Pongo a calentar agua para el café mientras miro Gravity Falls. En la heladera hay media torta. Sobró de mi cumpleaños. No la quiero. Me la como igual, como a todo lo que no quiero pero hay que comer igual.

El agua hierve. Preparo el quinto café horrible de la tarde. Busco monedas. Encuentro medio blister de clona. Y dos pastillas para la hipertensión. "No será mucho?" me dice. "Meh. Complejo de Highlander" le digo. Igual, las dejo donde estaban.

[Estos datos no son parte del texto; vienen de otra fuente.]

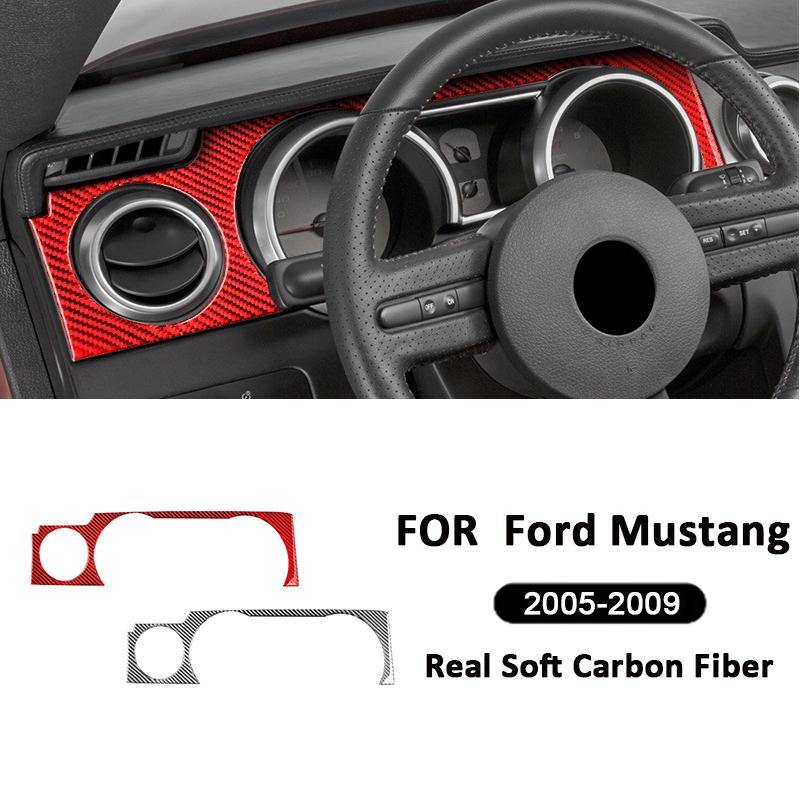 For Ford Mustang 2005-2009 Carbon Fiber Car Dashboard Panel Air Outlet Frame Decoration Sticker Auto Interior Accessories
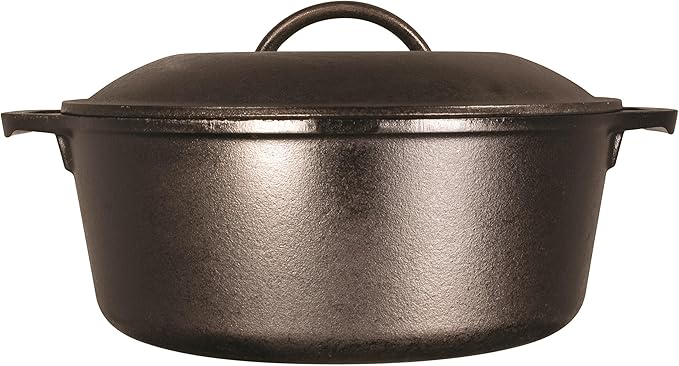 Lodge Cast Iron Dutch Oven 7 Quart - Loop Handle Cooking Vessel - Even Heat Retention - Oven-Safe, Versatile Pot
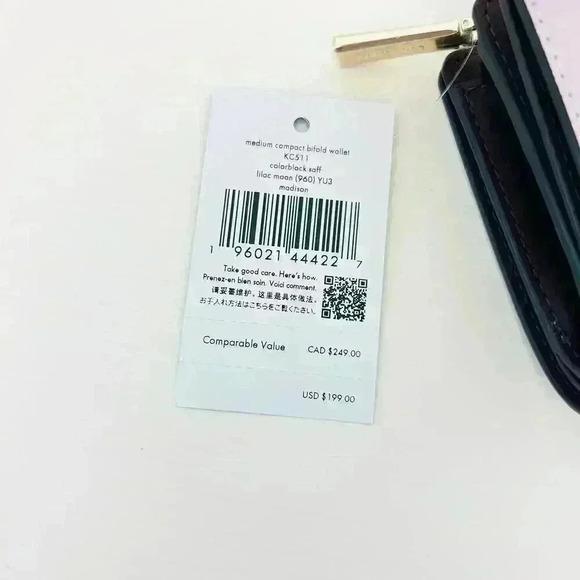 Kate Spade Madison Medium Compact Bifold Wallet Lilac Moon - Picture 3 of 4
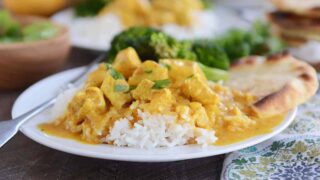 Thai Mango Chicken Red Curry with Coconut Rice {30-Minute Meal}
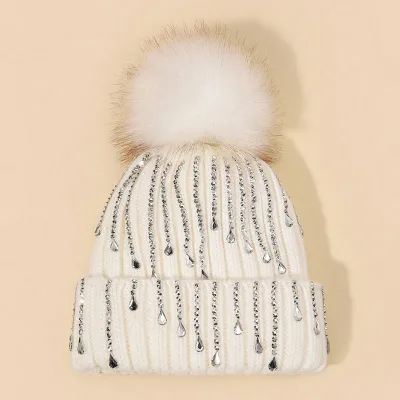 Women Girls Acrylic Knit Cuff Rhinestones Beanie with Removable Faux Fur Pompom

Quiero tocar la guitarra pero tengo las uñas largas. El alicate desapareció otra vez. Pongo el partido de Chacarita. 1 a 0. 43 del segundo tiempo. Patadón. Roja para el que pegó. El que ligó no puede caminar y sale de la cancha. Quedan 10 contra 10. Se desperdician mano a mano en ambas areas. Minuto 47. Se corta la luz en la cancha. Tarda 10 minutos en volver. "Vámonos a la mierda" dice el referí.

Tengo sed. Pienso en café. Me asquea la idea. "Whisky?" me pregunta. Digo que no. Aplaude. Saco el jugo Baggio de la heladera. Me bajo el litro entero. Se indigna.

Salgo al patio a quemar una caja de ravioles vacía. Un vecino pone Michael Jackson mientras prepara la parrilla para hacer asado. El fuego baila en mi mano al son de Billie Jean.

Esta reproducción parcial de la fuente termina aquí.